### The task
Retype the data exactly, from its first line to the line containing "Salvage Mitsubishi Outlander", including both, and skip any picture.

Stored dataset items

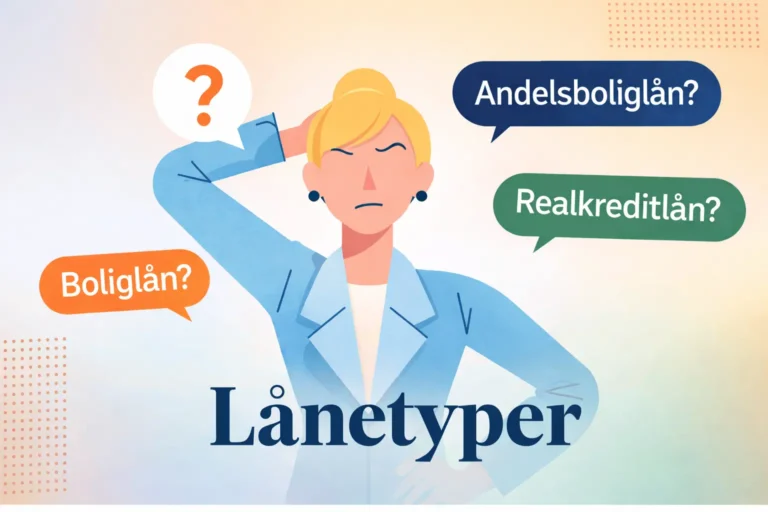 Lånetyper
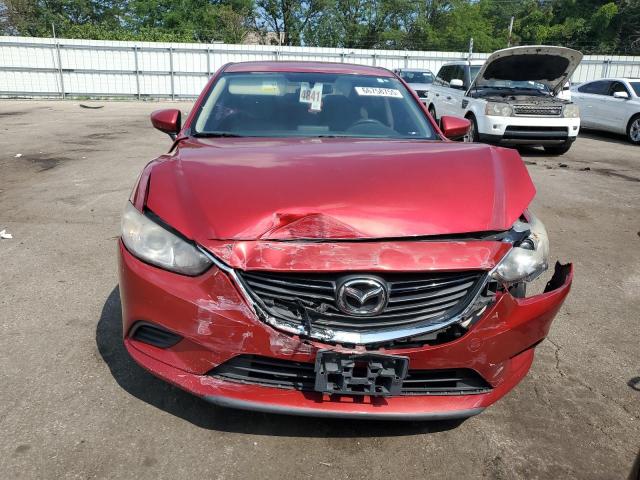 2016 MAZDA 6 SPORT - JM1GJ1U5XG1408467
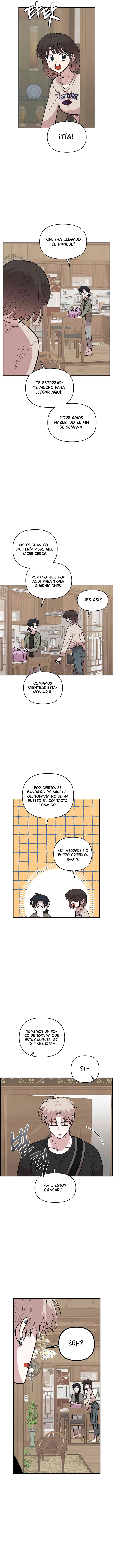 Complejo De Amigos capítulo 23, página 5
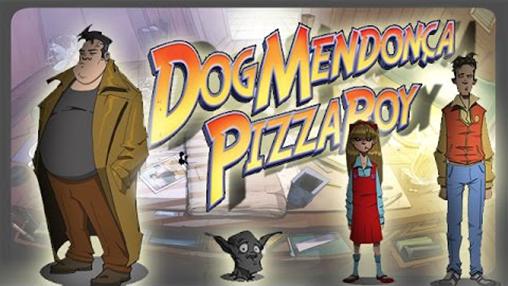 Ladda ner The interactive adventures of Dog Mendonca and pizzaboy: Android Classic adventure games spel till mobilen och surfplatta.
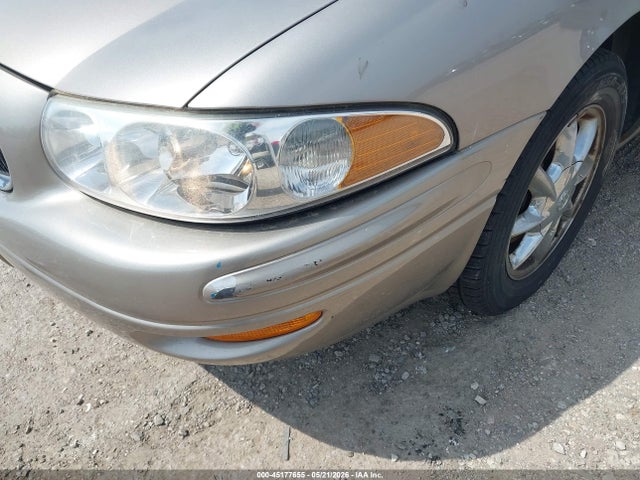 45177655 :رقم المزاد ، 1G4HR54K64U119215 vin ، 2004 Buick Lesabre Limited مزاد بيع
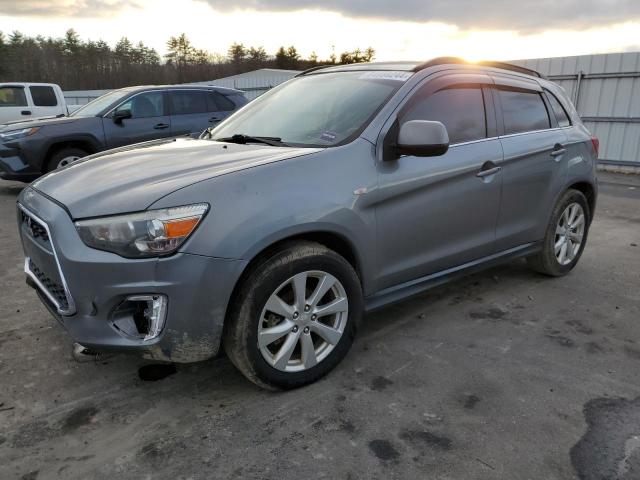  Salvage Mitsubishi Outlander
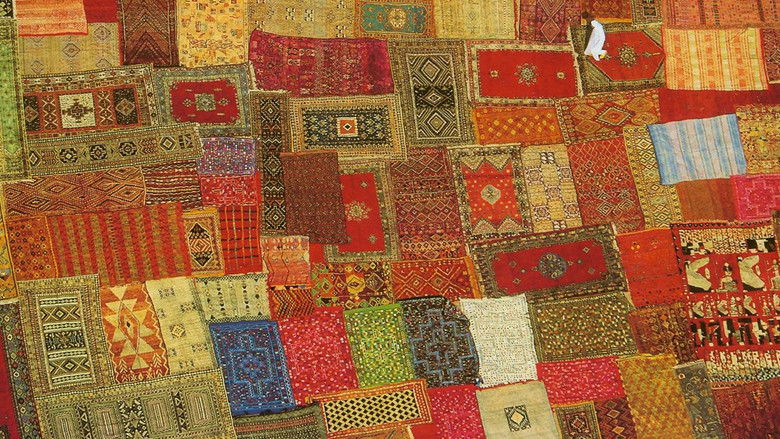 кадр из фильма Le Maroc vu du ciel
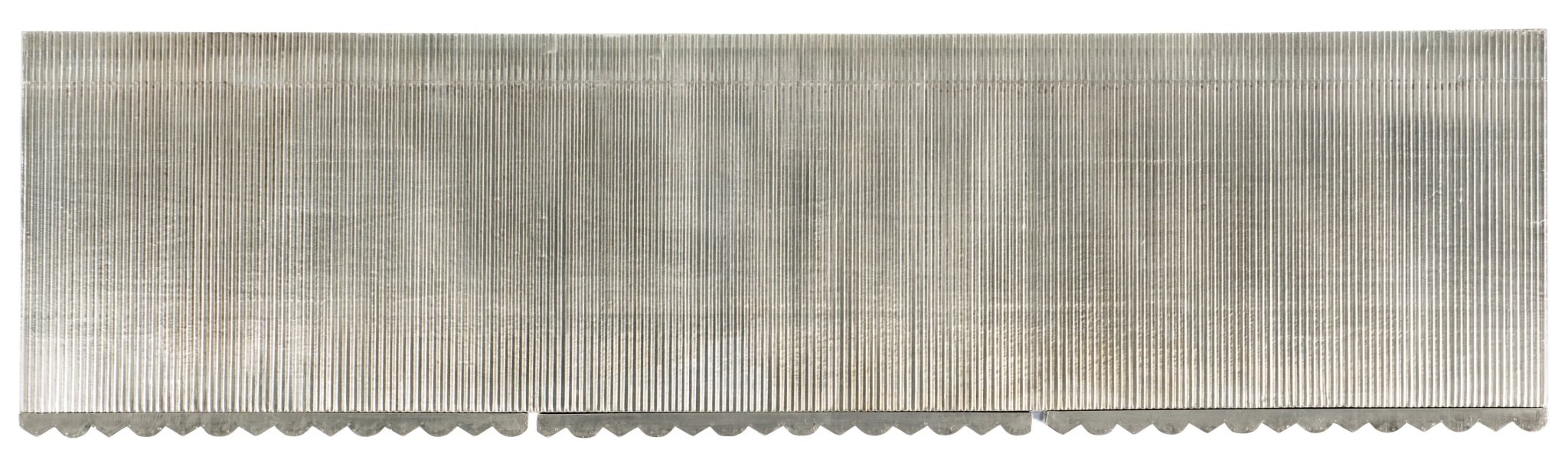 HookerGerman Silver Entertainment Console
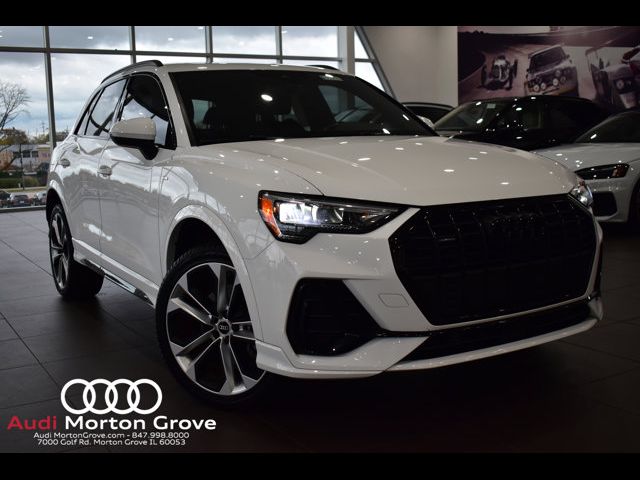 2021 Audi Q3 S Line Premium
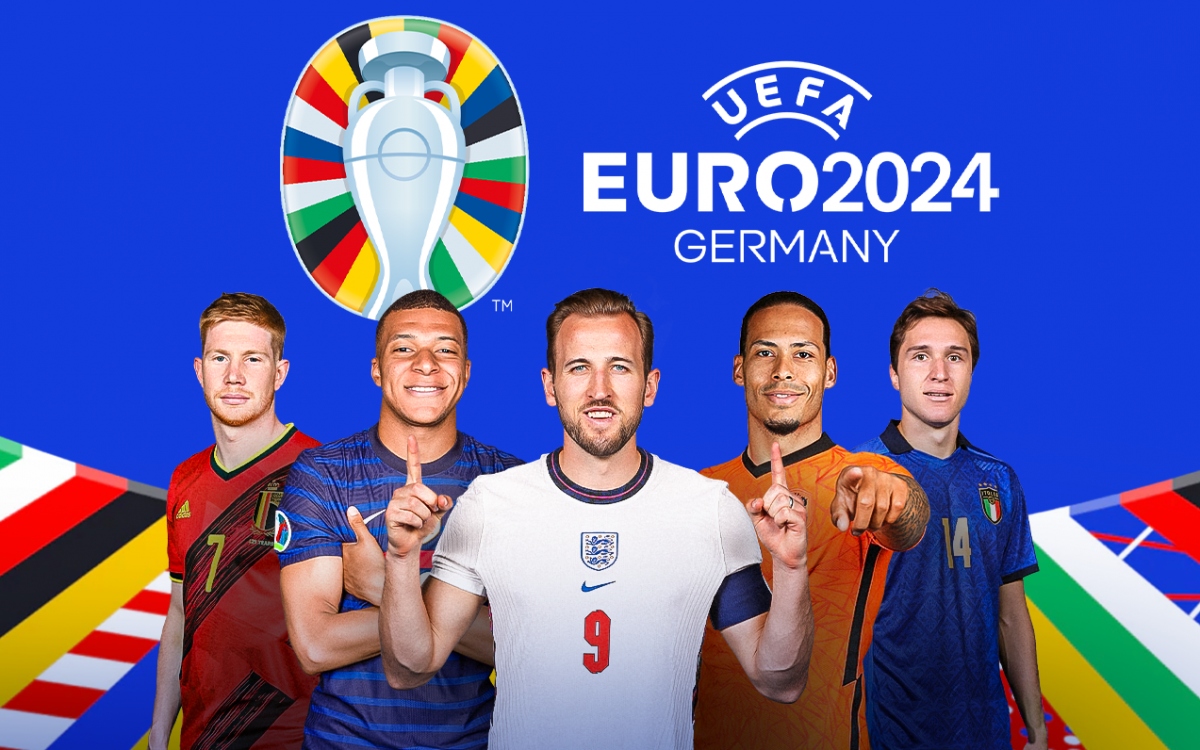 Những điều cần biết về Vòng loại EURO 2024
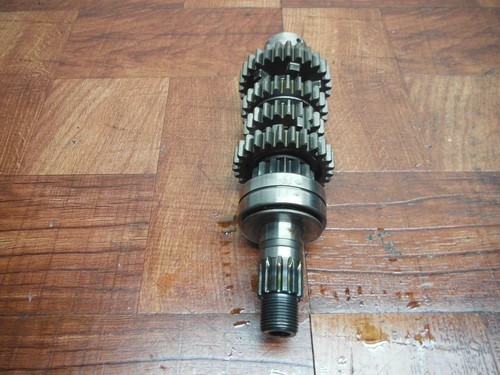 kawasaki 94-96 ninja EX500 97-09 EX 500r ENGINE MOTOR TRANSMISSION TRANNY GEARS - Image 6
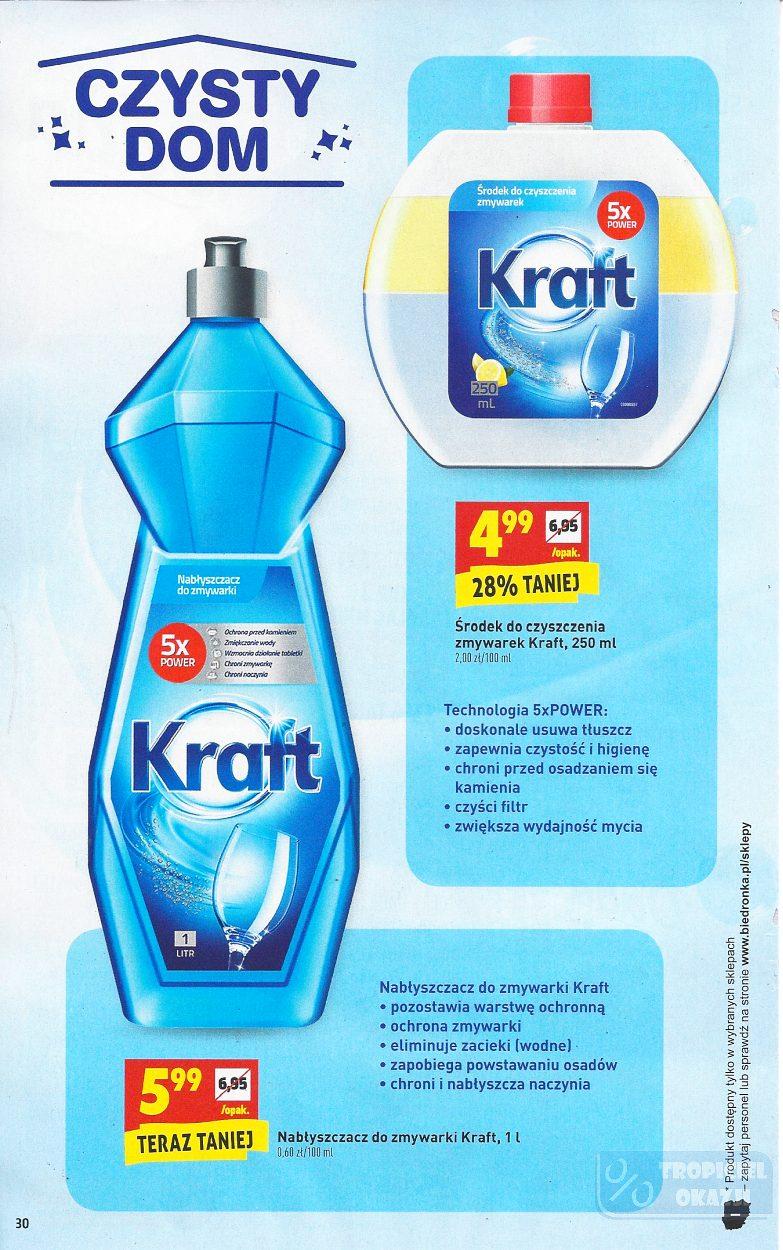 Gazetka promocyjna Biedronka str. 30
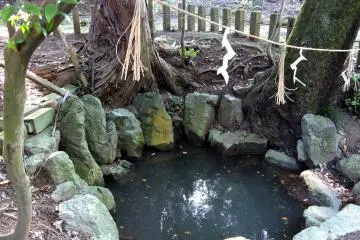 타이쵸지(泰澄寺)의 두 연못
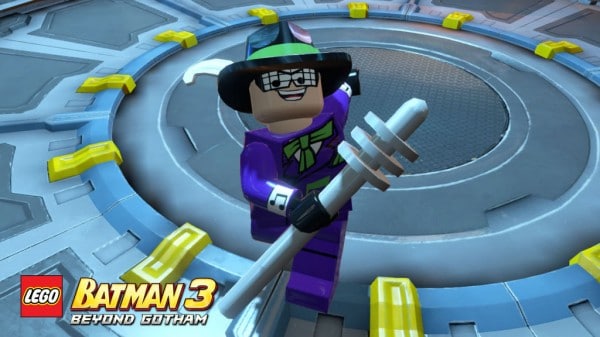 LEGO Batman 3 : Beyond Gotham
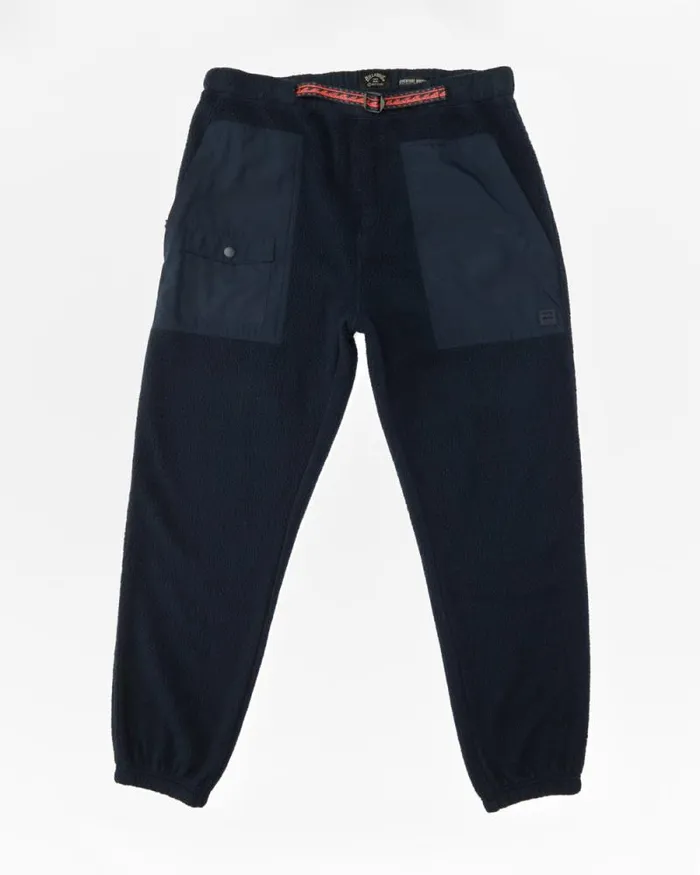Billabong Jeans and Pants Boundary Trail Joggers Navy 8211 Men Billabong Jeans and Pants Boundary Trail Joggers Navy 8211 Men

### Completed task
 Lånetyper
 2016 MAZDA 6 SPORT - JM1GJ1U5XG1408467
 Complejo De Amigos capítulo 23, página 5
 Ladda ner The interactive adventures of Dog Mendonca and pizzaboy: Android Classic adventure games spel till mobilen och surfplatta.
 45177655 :رقم المزاد ، 1G4HR54K64U119215 vin ، 2004 Buick Lesabre Limited مزاد بيع
  Salvage Mitsubishi Outlander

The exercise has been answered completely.